Sumi: She came here in 2008, we bought a flat in November the same year. We both tried our best to buy a flat on a joint name but we couldn’t because we had no legal support since we aren’t legally related to one another. That’s why we decided to let her buy a flat in her name since in the city of Calcutta she doesn’t have a place of her own, so it’s best she had this flat in her name.
What are the challenges of living together?
Sumi: The biggest challenge we face is when we go to buy stuff for the house, for example a TV or a fridge, where she gets the booking done in my name. As it is difficult to reach her mobile, generally my mobile number is given. So when they call they ask for a MR. And when I inform the sales person there is no MR or MRS, they deliver the product in the afternoon. Since the two of us working women aren’t around they would find it tough to deliver goods on time. This is what we face just like other married or working couples. Another challenge we faced earlier was with the neighbours because the flat is in the name of Buli, and when I went to talk to them, questions were raised as legally I don’t have any rights. Another challenge we face is that the neighbours are nosy and want to know why are two women living alone and why are they single. Why isn’t there any family living here with them etc?
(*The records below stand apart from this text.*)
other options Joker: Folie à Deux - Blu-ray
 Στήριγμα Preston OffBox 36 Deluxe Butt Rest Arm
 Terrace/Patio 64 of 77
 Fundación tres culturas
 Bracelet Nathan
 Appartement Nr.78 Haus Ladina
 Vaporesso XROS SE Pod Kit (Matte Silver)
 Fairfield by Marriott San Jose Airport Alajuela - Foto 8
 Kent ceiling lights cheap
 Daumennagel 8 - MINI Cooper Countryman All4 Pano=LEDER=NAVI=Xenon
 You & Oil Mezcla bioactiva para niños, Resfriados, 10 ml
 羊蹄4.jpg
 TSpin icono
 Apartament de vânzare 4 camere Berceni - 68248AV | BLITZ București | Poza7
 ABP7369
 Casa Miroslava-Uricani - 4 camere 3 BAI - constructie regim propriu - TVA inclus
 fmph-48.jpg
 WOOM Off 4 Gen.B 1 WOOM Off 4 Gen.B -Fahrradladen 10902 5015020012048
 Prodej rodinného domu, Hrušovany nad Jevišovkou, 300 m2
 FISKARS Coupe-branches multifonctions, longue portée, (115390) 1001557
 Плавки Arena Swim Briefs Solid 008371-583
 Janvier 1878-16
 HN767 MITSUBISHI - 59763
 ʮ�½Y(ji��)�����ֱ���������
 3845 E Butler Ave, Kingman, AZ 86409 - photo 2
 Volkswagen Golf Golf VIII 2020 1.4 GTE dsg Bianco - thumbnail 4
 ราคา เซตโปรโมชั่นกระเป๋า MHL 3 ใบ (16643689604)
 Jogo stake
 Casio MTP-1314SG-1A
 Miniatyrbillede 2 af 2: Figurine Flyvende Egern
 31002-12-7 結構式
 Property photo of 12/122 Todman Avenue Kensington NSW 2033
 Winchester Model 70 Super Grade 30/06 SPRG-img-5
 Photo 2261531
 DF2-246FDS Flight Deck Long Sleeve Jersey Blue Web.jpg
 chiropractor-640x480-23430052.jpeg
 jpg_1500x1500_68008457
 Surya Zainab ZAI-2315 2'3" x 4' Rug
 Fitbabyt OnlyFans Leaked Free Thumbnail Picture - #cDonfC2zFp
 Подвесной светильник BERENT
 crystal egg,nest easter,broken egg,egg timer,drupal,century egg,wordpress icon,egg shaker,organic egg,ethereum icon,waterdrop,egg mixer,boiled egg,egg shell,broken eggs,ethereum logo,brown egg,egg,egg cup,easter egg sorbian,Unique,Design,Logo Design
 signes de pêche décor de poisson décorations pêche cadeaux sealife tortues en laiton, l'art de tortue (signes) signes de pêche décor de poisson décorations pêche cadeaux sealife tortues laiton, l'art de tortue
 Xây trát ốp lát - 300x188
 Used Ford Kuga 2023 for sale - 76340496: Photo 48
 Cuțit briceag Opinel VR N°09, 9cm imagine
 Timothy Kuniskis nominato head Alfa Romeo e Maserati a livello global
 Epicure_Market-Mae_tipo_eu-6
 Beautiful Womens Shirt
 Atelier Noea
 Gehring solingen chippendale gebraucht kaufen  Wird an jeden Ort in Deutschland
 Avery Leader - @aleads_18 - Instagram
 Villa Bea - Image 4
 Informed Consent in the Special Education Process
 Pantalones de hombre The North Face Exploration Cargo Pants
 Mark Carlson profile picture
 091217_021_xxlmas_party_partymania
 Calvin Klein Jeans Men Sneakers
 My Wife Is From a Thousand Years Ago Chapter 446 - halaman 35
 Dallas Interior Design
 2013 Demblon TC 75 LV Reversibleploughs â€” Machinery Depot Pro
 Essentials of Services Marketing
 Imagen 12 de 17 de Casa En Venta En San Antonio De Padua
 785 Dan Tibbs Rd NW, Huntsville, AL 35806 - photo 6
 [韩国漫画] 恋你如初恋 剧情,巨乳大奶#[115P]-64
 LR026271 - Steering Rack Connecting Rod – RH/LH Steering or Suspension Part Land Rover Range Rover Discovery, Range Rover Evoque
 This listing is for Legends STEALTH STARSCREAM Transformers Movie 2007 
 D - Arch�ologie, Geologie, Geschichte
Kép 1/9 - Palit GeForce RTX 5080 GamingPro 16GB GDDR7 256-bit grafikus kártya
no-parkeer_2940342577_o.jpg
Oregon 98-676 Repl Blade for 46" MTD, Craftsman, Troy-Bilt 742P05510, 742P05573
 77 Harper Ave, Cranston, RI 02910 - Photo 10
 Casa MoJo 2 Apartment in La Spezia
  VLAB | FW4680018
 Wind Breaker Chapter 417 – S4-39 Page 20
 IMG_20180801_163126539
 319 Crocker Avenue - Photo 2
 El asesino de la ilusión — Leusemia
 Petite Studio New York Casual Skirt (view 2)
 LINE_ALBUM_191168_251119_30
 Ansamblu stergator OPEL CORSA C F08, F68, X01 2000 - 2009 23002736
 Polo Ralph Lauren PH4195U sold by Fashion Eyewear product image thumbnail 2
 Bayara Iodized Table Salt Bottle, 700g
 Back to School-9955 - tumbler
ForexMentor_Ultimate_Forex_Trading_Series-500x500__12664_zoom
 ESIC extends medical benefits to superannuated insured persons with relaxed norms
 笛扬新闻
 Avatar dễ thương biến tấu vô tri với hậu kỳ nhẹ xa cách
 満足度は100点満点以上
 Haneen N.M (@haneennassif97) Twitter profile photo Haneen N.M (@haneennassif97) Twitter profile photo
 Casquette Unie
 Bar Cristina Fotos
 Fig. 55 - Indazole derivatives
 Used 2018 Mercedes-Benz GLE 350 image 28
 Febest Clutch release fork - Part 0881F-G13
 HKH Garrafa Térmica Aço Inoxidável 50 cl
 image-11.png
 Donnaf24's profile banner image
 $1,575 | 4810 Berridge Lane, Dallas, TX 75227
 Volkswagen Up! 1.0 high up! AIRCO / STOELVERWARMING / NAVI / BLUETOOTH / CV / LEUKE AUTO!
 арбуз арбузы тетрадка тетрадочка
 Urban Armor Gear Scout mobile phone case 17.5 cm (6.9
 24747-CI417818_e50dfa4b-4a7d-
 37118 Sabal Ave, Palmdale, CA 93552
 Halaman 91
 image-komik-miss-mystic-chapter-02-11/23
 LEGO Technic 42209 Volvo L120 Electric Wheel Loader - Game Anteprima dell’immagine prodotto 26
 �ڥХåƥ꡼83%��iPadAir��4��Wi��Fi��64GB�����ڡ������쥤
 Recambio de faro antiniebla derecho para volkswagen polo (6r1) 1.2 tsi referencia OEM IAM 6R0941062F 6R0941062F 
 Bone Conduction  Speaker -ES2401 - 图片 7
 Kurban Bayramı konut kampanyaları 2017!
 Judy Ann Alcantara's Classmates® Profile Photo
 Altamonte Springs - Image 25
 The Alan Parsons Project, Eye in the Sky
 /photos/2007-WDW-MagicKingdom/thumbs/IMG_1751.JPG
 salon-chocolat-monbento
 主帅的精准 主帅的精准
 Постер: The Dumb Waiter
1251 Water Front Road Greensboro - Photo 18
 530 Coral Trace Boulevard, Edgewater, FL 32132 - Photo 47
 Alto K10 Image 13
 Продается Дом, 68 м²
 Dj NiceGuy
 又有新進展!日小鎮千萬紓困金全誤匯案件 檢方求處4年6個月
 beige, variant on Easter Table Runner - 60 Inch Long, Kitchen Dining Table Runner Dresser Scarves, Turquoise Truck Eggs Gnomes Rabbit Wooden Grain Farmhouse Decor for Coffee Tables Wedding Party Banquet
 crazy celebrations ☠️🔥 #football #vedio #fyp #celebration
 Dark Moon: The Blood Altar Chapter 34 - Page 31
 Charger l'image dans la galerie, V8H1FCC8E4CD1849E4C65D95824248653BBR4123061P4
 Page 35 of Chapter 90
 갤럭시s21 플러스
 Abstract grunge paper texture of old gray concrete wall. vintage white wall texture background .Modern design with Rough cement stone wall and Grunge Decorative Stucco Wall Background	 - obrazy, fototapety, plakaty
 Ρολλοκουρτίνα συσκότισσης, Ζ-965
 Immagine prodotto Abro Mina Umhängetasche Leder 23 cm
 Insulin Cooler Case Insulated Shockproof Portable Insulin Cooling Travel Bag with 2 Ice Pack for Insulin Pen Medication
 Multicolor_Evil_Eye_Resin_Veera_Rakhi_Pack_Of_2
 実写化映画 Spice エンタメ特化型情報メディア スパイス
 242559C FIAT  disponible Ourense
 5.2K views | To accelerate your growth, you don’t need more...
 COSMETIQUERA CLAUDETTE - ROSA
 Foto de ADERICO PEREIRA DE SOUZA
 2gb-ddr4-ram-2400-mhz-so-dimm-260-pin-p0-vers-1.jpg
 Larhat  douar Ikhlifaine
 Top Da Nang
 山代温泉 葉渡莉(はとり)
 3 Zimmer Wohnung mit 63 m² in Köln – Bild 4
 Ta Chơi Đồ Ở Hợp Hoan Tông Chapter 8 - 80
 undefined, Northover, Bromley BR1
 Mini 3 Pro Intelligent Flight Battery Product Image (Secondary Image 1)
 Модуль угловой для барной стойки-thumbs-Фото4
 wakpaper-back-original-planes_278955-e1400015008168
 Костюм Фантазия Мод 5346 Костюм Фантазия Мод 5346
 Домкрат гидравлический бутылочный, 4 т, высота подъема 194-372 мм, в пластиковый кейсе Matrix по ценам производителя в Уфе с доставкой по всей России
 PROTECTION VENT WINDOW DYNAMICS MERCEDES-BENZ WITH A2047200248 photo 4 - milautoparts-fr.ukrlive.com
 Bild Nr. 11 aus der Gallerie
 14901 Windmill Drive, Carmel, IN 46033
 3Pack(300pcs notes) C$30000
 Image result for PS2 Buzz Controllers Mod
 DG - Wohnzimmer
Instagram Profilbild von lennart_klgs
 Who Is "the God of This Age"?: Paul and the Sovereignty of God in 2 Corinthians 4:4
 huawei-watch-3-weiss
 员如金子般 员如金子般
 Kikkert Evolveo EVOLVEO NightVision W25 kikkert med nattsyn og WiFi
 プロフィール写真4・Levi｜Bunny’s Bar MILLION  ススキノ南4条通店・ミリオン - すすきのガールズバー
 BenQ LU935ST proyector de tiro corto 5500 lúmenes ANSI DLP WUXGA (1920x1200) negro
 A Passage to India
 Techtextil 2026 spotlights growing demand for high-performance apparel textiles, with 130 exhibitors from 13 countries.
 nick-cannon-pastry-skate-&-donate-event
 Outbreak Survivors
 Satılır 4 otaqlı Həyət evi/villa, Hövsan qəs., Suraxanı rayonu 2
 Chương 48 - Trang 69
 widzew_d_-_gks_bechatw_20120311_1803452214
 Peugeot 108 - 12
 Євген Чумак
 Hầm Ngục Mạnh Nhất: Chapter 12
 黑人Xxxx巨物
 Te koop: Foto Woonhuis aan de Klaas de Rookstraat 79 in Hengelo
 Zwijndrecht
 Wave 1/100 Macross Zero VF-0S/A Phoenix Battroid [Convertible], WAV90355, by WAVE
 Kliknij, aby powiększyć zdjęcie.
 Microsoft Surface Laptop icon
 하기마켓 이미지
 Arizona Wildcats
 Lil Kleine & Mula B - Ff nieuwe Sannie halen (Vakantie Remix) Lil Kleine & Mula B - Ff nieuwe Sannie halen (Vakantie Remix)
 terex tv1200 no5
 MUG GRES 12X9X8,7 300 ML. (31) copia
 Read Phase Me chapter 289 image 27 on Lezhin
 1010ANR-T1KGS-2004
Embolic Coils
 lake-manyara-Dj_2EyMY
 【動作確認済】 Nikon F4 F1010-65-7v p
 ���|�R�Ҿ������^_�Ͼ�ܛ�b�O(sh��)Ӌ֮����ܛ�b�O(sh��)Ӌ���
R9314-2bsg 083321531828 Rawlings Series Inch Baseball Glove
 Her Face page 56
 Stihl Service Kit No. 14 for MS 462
Buli: But I would still like to say our neighbors may be a little nosy, but they haven’t made life difficult for us, they have never pried into our private lives and passed any disrespectful comments whatsoever. Nor have we heard anyone talk ill about us at all. If there is a puja or a function, they invite us both. In short, they socialize with us just as they would with other couples around.
How do you both resolve your fights or arguments which is but natural when living together?
Sumi: Till date we haven’t had a serious fight as such, there hasn’t been anything of such a magnitude as well. I am a person who would think before I speak.
Buli: Well, it is a matter of me breaking my ego and making her happy, this is always the case. But living for ten years I know what makes her angry and what I should avoid, hence we steer clear from such situations altogether. But if I know I am wrong, then I don’t have an issue going up to her and apologizing for the same. I try to cajole her, doesn’t that happen with other relationships as well? (laughs)
Have the two of you organized any social ceremony as such to validate your live in status?
Sumi: No we haven’t.
What are the activities the two of you enjoy doing together?
Buli: We love trekking and meeting up with friends, a good old ADDA.
Sumi: For me apart from going out, I think it would be spending time with her at home, just the two of us.
If India was to legalise same sex weddings do you plan to take part in it?
Sumi: No. In all caps NO.
Buli: If there are legal facilities given once same sex marriages are allowed, then yes! For example the flat which is in my name gets transferred to her name or added to hers then yes I would do it, since it would benefit the two of us. Or else what’s the use? Tomorrow if anything happens to me, where will she go? She should have this home and not my family who would come claiming this house.
What about your future plans, any kids? Do you plan to adopt?
Buli: No, not at all, kids for us are out of the question. We love them from far, but can’t think of having our own as of now.
Sumi: When her sister came with her kids for two days, we faced a harrowing experience, so kids are certainly a NO NO for us.
Last question from me would be, what is the secret of maintaining such a long relationship? Please share it with our readers.
Sumi: You need to be good friends, give enough space, so that the other doesn’t feel choked in any way and don’t interfere with one another. The main thing is to eradicate all fears, so that the other doesn’t fear telling anything.
Buli: You have to first be good friends with one another and understand one another, without which it would never work. Don’t hide anything. Above all have respect for one another.